HAMMOND, La. – The LSU AgCenter’s landscape horticulture research program at its Hammond Research Station is receiving regional attention, according to Regina Bracy, resident coordinator at the station.
Visitors are coming from a multi-state area, some from as far away as Florida, to inquire about the various projects at the station, Bracy said. The areas where plants are evaluated are laid out to look more like gardens than research projects.
After visiting other southern state’s research stations, Bracy and others agree the Hammond station is most like an actual garden. “We conduct plant evaluations in several gardens including some exposed to sun, others in shade, the Margie Jenkins Azalea Gardens and an urban forest,” she said.
At a recent field day, George Hackney, president of Hackney Nursery in Quincy, Fla., stopped to see the research at the station. He came back later with his sales team from Louisiana and Florida to discuss research results and to tour the station’s garden trials.
“He also told Gary Knox at the University of Florida about our program,” Bracy said. “Knox has made trips to the station with volunteers to see firsthand the work that’s being done here.”
Knox, a professor of environmental horticulture, said he is interested in setting up a program similar to the Hammond Station at the North Florida Research and Education Center in Quincy.
“We have very similar type stations and similar goals,” Knox said. “We want to display traditional and new plants and showcase the best of existing plants.”
After seeing what they have in other southern states, its evident the setup in Hammond is unique said Allen Owings, LSU AgCenter horticulturist at the station.
“Tour groups enjoy the garden layout much more than the ‘bedding plants in rows’ technique seen at other trial locations,” Owings said.
The Hammond garden was designed by Dr.
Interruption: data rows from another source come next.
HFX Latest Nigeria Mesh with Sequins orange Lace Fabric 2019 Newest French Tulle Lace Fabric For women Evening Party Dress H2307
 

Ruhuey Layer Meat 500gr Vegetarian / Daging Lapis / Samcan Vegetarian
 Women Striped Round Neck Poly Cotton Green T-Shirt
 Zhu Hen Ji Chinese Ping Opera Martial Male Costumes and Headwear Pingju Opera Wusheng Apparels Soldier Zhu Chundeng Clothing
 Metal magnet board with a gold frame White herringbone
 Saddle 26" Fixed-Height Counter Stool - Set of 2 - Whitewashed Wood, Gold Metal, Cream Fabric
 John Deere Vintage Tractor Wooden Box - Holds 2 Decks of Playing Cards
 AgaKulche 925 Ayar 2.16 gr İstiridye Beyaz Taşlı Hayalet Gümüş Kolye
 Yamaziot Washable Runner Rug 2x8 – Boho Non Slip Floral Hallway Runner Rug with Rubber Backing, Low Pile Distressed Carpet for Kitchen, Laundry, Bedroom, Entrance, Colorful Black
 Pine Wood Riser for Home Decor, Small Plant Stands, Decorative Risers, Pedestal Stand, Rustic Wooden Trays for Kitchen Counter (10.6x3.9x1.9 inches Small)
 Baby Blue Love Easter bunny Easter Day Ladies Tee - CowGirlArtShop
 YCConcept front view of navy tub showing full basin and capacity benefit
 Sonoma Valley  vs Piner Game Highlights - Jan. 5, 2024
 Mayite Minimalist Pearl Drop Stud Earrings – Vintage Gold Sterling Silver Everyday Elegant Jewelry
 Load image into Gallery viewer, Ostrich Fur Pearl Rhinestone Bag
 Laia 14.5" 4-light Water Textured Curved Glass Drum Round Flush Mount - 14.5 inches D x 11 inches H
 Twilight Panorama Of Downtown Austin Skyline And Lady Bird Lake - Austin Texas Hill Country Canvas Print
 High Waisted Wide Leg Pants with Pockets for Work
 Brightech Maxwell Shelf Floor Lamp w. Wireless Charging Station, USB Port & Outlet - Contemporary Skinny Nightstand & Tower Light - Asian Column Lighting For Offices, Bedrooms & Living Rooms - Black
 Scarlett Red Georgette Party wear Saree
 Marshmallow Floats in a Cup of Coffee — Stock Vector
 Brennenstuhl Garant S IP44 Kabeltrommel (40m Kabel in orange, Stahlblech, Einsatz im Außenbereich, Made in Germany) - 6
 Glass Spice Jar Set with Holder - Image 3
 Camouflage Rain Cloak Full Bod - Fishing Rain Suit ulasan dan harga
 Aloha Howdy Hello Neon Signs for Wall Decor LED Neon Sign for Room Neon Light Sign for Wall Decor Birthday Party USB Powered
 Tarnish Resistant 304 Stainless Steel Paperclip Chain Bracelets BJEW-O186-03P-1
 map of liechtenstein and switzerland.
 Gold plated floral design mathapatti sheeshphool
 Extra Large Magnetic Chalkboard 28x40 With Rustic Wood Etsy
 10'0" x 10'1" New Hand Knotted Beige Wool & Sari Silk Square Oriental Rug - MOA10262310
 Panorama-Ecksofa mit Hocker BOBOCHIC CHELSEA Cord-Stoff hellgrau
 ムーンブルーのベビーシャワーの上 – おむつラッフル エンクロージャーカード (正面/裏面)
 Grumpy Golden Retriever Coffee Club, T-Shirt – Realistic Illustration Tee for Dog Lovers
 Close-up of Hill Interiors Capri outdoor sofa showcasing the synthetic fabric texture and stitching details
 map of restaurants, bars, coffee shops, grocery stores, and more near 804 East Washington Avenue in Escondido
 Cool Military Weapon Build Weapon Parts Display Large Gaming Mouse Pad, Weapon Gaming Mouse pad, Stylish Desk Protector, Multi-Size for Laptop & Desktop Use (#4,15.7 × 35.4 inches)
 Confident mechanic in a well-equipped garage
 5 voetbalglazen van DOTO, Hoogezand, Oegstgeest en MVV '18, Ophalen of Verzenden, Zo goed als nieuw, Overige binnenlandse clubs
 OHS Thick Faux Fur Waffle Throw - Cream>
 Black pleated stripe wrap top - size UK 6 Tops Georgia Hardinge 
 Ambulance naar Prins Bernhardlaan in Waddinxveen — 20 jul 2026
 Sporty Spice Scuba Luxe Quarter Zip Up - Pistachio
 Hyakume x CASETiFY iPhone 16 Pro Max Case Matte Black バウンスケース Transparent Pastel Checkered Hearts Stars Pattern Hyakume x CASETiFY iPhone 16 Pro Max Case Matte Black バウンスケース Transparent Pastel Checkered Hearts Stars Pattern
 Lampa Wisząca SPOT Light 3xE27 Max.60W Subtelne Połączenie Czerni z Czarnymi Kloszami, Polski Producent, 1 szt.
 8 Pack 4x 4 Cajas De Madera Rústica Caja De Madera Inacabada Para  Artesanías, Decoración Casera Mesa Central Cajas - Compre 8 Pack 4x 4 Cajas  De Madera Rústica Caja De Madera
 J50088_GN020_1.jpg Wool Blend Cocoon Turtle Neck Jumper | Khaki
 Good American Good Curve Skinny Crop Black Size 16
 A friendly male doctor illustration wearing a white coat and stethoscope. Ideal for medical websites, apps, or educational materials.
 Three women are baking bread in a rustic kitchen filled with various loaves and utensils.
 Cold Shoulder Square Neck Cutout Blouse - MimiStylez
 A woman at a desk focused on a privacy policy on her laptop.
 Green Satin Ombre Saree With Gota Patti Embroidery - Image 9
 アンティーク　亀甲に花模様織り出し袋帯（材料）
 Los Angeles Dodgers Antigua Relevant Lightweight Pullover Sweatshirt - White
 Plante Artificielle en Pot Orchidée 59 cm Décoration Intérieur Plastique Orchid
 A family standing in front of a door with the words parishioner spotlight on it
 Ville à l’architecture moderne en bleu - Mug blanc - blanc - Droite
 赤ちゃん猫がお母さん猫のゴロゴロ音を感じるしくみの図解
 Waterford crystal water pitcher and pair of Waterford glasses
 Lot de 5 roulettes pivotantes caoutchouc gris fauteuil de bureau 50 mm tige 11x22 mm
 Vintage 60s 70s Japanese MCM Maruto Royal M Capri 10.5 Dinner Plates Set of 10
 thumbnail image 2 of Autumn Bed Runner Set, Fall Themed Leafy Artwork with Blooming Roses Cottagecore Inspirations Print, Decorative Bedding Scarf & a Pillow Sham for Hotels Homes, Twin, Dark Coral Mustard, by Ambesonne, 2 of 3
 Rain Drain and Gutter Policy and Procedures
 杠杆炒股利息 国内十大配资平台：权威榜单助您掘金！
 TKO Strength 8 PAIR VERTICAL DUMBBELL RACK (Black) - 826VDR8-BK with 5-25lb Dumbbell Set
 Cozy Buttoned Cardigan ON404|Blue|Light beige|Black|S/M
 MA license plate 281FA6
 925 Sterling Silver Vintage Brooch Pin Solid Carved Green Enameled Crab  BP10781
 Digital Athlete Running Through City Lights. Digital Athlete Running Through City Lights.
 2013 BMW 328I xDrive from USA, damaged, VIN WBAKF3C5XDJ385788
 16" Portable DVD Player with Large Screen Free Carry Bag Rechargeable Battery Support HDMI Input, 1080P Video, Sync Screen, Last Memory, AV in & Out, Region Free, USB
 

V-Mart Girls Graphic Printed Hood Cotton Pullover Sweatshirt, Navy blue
Neil Odenwald, Louisiana State University professor emeritus and co-author of “Identification, Selection and Use of Southern Plants for Landscape Design.”
“He laid out beds that curled and curved and envisioned walkways, water features and resting areas,” Bracy said of Odenwald’s design. “We wanted to duplicate the growing conditions experienced by homeowners and landscape professionals in their landscapes.”
A special garden at the station is the Margie Jenkins Azalea Garden. In September 2006, the first azaleas planted in the garden were Robin Hill varieties selected by Margie Jenkins, for whom the garden is named.
“Also included in this first planting were 23 cultivars of Robert ‘Buddy’ Lee’s Encore azaleas. Later the Crimson azaleas – Majesty, Queen and Princess – developed by another Louisianian, Richard Odom, of Country Pines Nursery, were added to the garden. The size of the garden was doubled in 2007 with the addition of Southern Indian azaleas,” Bracy said.
The urban forest at the station has 32 species of trees that were planted after Hurricane Katrina.
“We planted them with adequate space between them because we want people to see the growth patterns and decide whether it will fit into their landscape plans,” Bracy said.
“People are interested in the type of evaluation and research work we do here, and they want to see it first-hand,” he said.